Unit 2. Develop a Customer Friendly Approach

Expand Your Definition of Service

How you define service shapes every interaction you have with your customers. Limited definitions of service based on an exchange of monies for goods or services misses the overall point of customer service. “Service” should provide the customer with more than a product or action taken on his/her behalf. It should provide satisfaction. In essence, the customer should walk away pleased at the result of the transaction- not just content but actually happy. A happy customer will continue to be a buying customer and a returning customer.

Who are Your Customers?

Customers, buyers and clients want to pay a fair price for quality service or products and feel satisfied they have paid for a service/product and received what they have paid for in return. They also want someone to take care of them. They need someone to understand their needs and help answer them. They need someone to hold their hands and walk them through a process.

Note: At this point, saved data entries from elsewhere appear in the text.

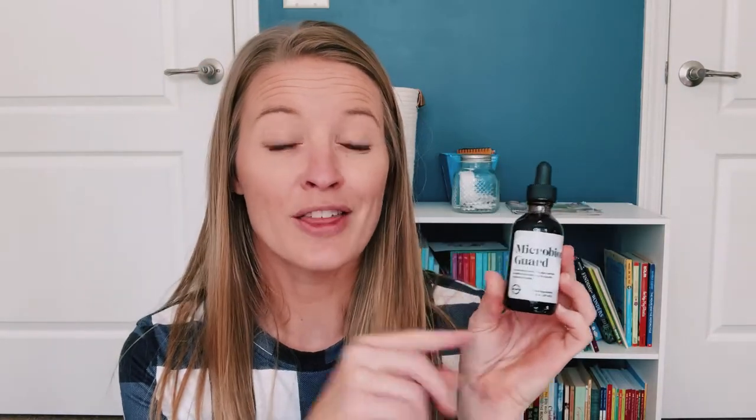I also grabbed the Microbiome Guard. I used this along with her chest comfort syrup — it used to be called Herbal Tussin — and I used those two together with this last little funk that I had, and they worked really great for me. The Microbiome Guard is an herbal tincture for respiratory health, and we love that one.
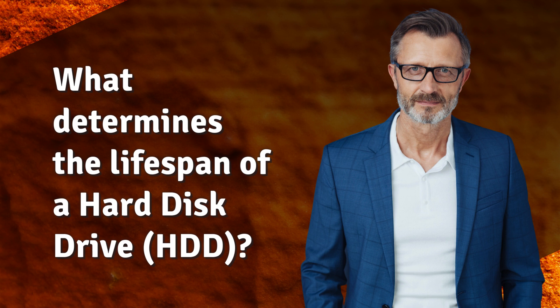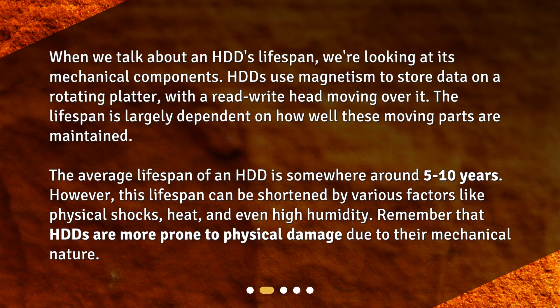What determines the lifespan of a hard disk drive, HDD? When we talk about an HDD's lifespan, we're looking at its mechanical components. HDDs use magnetism to store data on a rotating platter, with a read-write head moving over it. The lifespan is largely dependent on how well these moving parts are maintained. The average lifespan of an HDD is somewhere around 5 to 10 years. However, this lifespan can be shortened by various factors like physical shocks, heat, and even high humidity. HDDs are more prone to physical damage due to their mechanical nature.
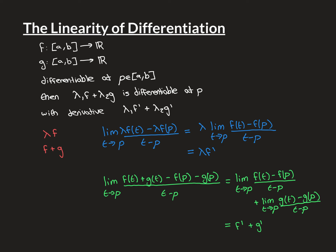Therefore, this limit exists and equals the value of the first limit plus the value of the second limit. The first limit is f'(p) and the second is g'(p). Therefore, the derivative of f plus g at p is f' plus g'. So there we go — that's the proof finished. This theorem is simple, but of course it's incredibly important, as you use this fact all the time in calculus.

Customer service starts with the ability to listen to the customer and find out through polite questioning what he/she needs or wants.

Customer service and contact with a client mean that the customer will be heard and his/her problem will not go unanswered or ignored. It also means getting to know your client, his/her likes-dislikes, ideas, background, etc.

The other most important aspect to do is to listen to what the customer is saying. If people do not understand what is motivating the customer, they will not be successful in handling them. Do research on customers, their habits, and what they want and expect.

Most customer service is defined by how a company or organisation treats “external customers,” but there is “internal customer service” as well. While this course mainly addresses “external customers,” expanding your definition of customer service to include co-workers will lead toward even greater success. Remember the internal customer chain is just like the external, we are all customers both inside and outside the company or organisation. As a Wall Street Journal article succinctly put it, “Poorly Treated Employees Treat Customers Just as Poorly.”